A mayor in the Menaka administrative region said that in his district, "there's nobody left."
The UN and NGOs have reported repeated attacks against communities accused of abetting the enemy or refusing to join the jihadists.
Hundreds of villagers have died in massacres by ISGS fighters, Human Rights Watch (HRW) said last month.
Eleven were killed on Monday in a raid by gunmen on motorbikes on a camp for displaced people at Kadji, just outside Gao, local officials and humanitarian workers told AFP.
The Islamic State in the Greater Sahara (ISGS) launched an offensive in the Gao and Menaka regions in March, triggering heavy fighting with local armed groups and rival jihadists.
On the Malian side, the army has holed up in the town of Menaka, a tactic that leaves "the way open" for the jihadists, a local elected official who has fled to Bamako told AFP.
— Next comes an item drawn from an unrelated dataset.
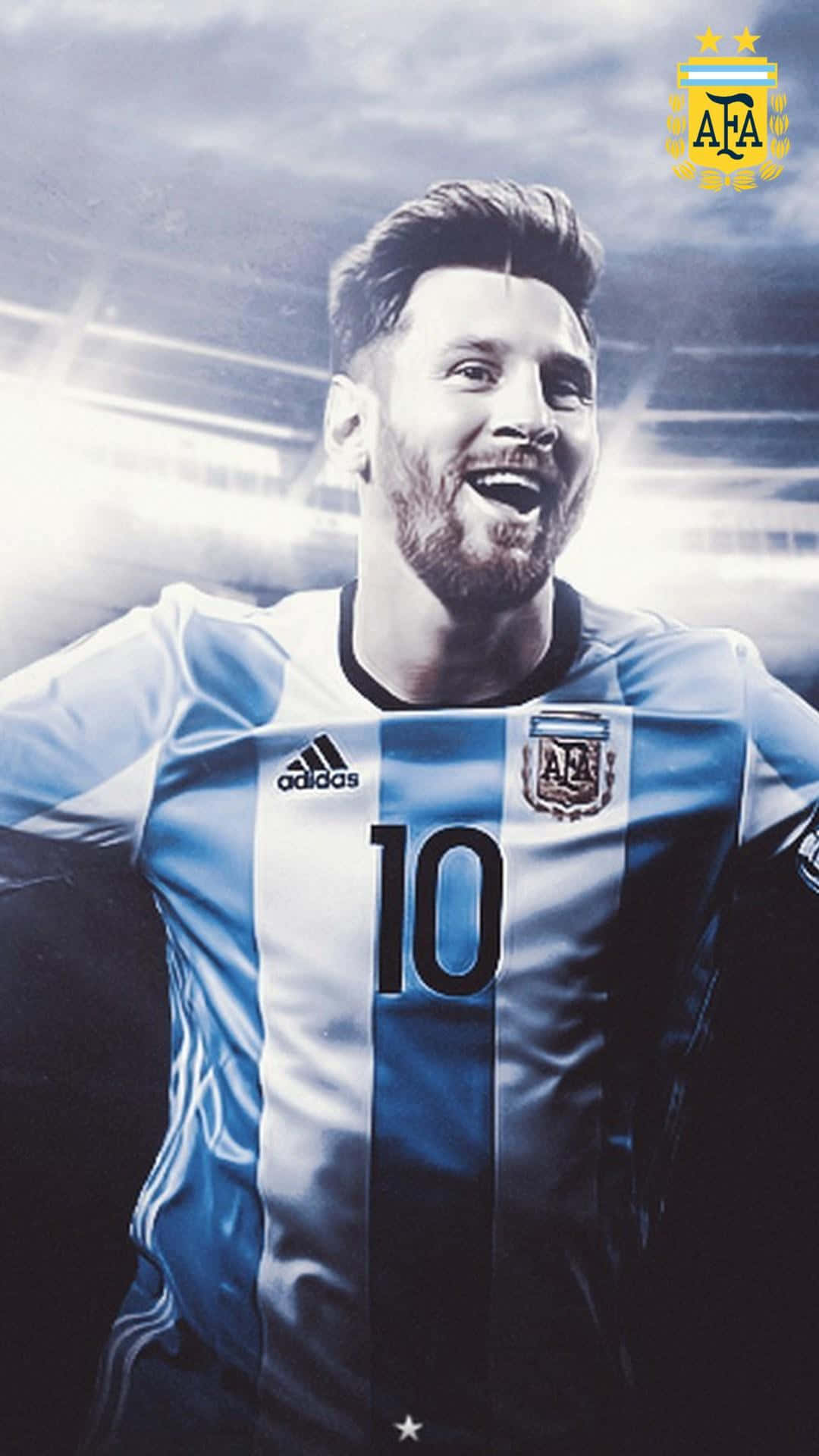 Lionel Messi Wallpaper 4K, Yellow background, Soccer Player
"If nothing is done, the whole region will be occupied" by jihadists, a human rights campaigner, contacted by AFP on WhatsApp, said on condition of anonymity.
Witnesses and other sources contacted by AFP confirmed the ISGS' sustained push in this remote and dangerous area, and rights campaigners say civilians have been massacred.
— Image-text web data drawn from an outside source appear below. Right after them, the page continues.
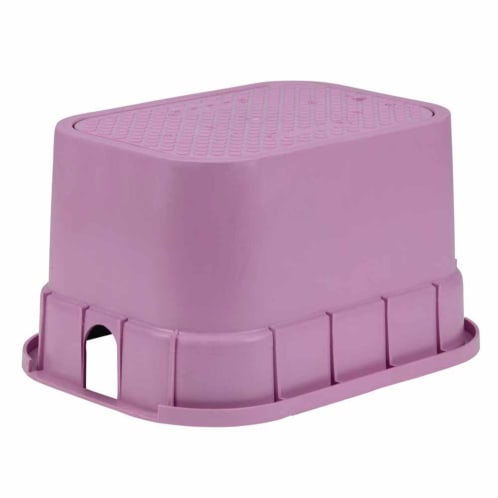 Valve Box Rain Rain Bird PVB Standard Rectangular Valve Box with Purple Lid | RBBPVBSTDP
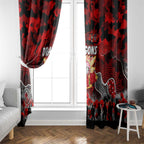 Dragons ANZAC Day Window Curtain Australian Army - Lest We Forget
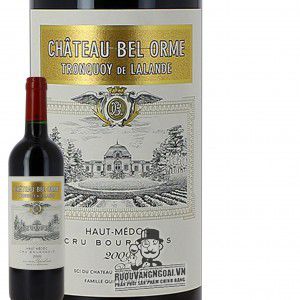 Vang Pháp Chateau Bel Orme Tronquoy De Lalande Cru Bourgeois uống ngon bn3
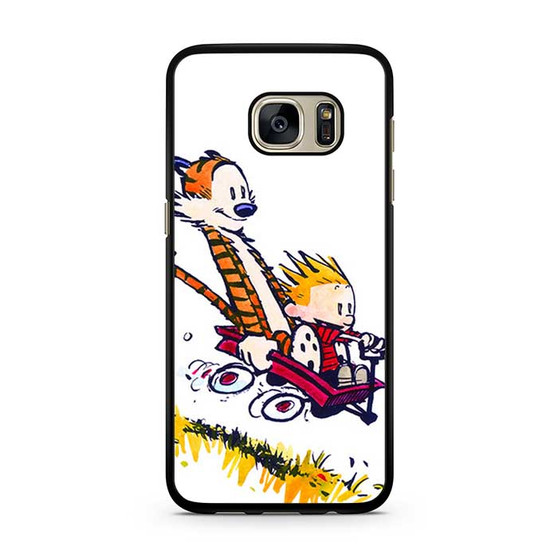 Calvin and Hobbes Riding Imagination Car Samsung Galaxy S7 | S7 Edge Case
Several sources said that the jihadists had moved into a vacuum left when France pulled its forces out of the region.
The border with neighboring Niger marks the limit of the fighting.
Niger's army is being supported in the air and on the ground by foreign forces, including France's Barkhane mission.
Villages seized by the militants have to pay an Islamic tax and submit to a brutal interpretation of Sharia.
An aid worker in Ansongo said that in the village of Tin-Hama, an unmarried couple aged 50 and 36 were stoned to death in September.
"They dug a hole on weekly market day and placed (them)... in it up to their hips and then threw rocks at them," the source said.
Pro-government forces are trying to muster outside help for their cause, a security source in Niger said.
One idea is to forge an alliance with the former rebels of the Coordination of Azawad Movements (CMA) and Support Group for Islam and Muslims (GSIM), a shadowy group led by an Al-Qaeda-linked Tuareg, Iyad Ag Ghali.
But the chances of creating a joint front are low, an African diplomat in Bamako said.
"Politically, it would seem quite a stretch for people to team up openly with Al-Qaeda today," the diplomat said.